What you need to do
Keep the images out and set the listing below down word for word.

Records to use
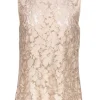 Diane von Furstenberg - Nude Sheer Floral Lace "Madalena" Tank Sz M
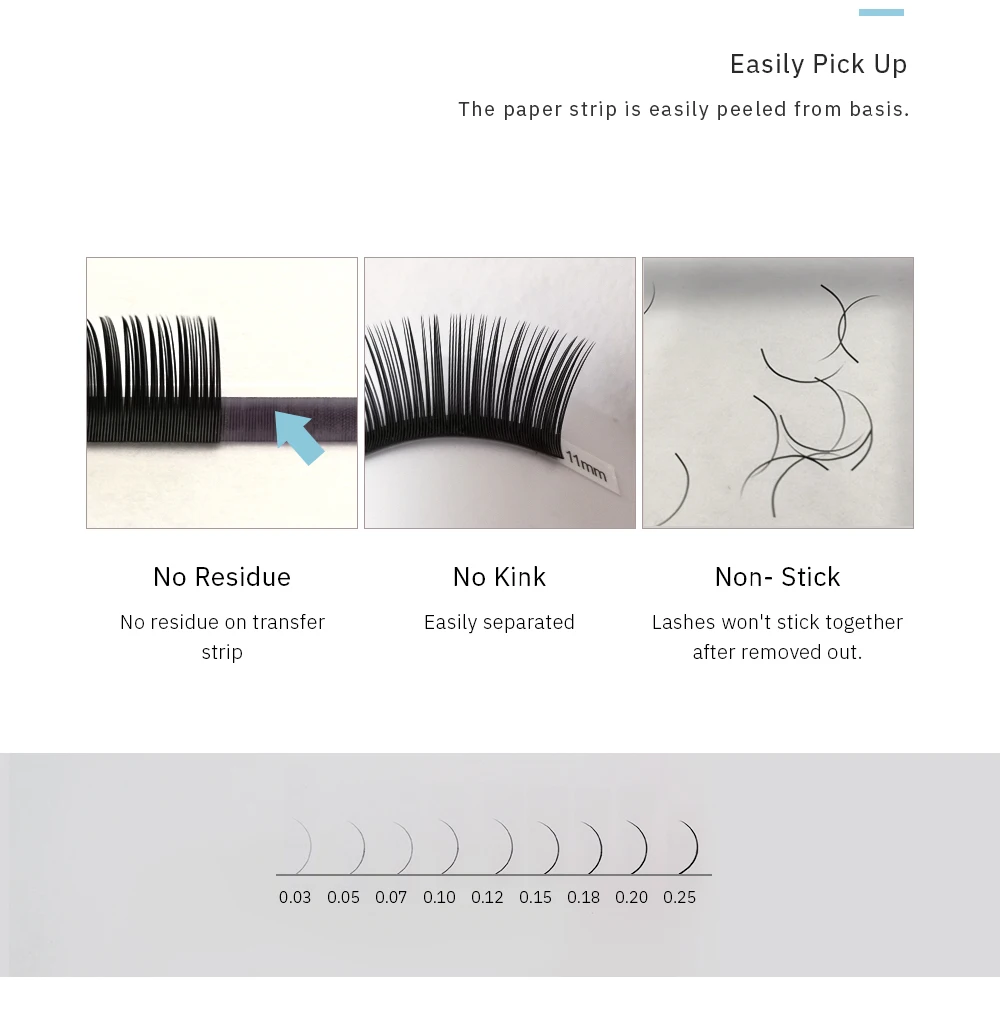 H&L SINCE 1990 16Rows 0.07 thickness individual eyelash lashes maquiagem cilios for professionals soft mink eyelash extension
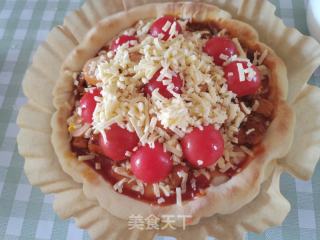 氛围炸锅版鸡腿披萨的做法步调：10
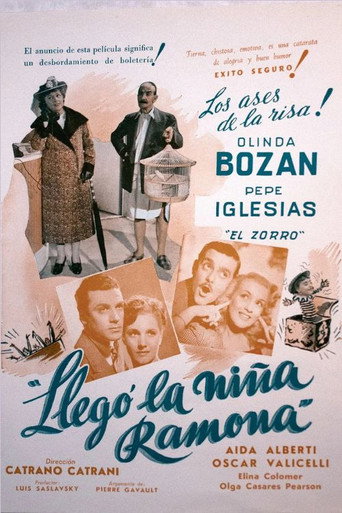 Llegó la niña Ramona movie poster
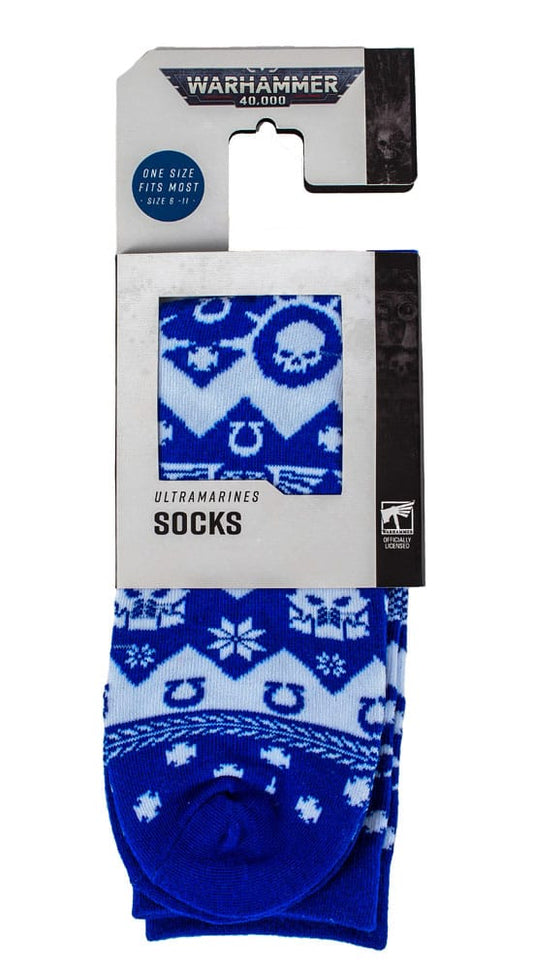 Warhammer 40K House Socks Ultramarines Veteran 5061036140462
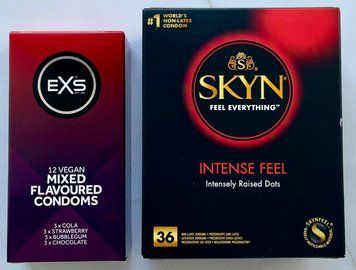Набір резинок Skyn Intense Feel 36 шт - EXS Mixed Flavoured 12 шт SOS3131 фото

Response
 Diane von Furstenberg - Nude Sheer Floral Lace "Madalena" Tank Sz M
 H&L SINCE 1990 16Rows 0.07 thickness individual eyelash lashes maquiagem cilios for professionals soft mink eyelash extension
 氛围炸锅版鸡腿披萨的做法步调：10
 Llegó la niña Ramona movie poster
 Warhammer 40K House Socks Ultramarines Veteran 5061036140462
Набір резинок Skyn Intense Feel 36 шт - EXS Mixed Flavoured 12 шт SOS3131 фото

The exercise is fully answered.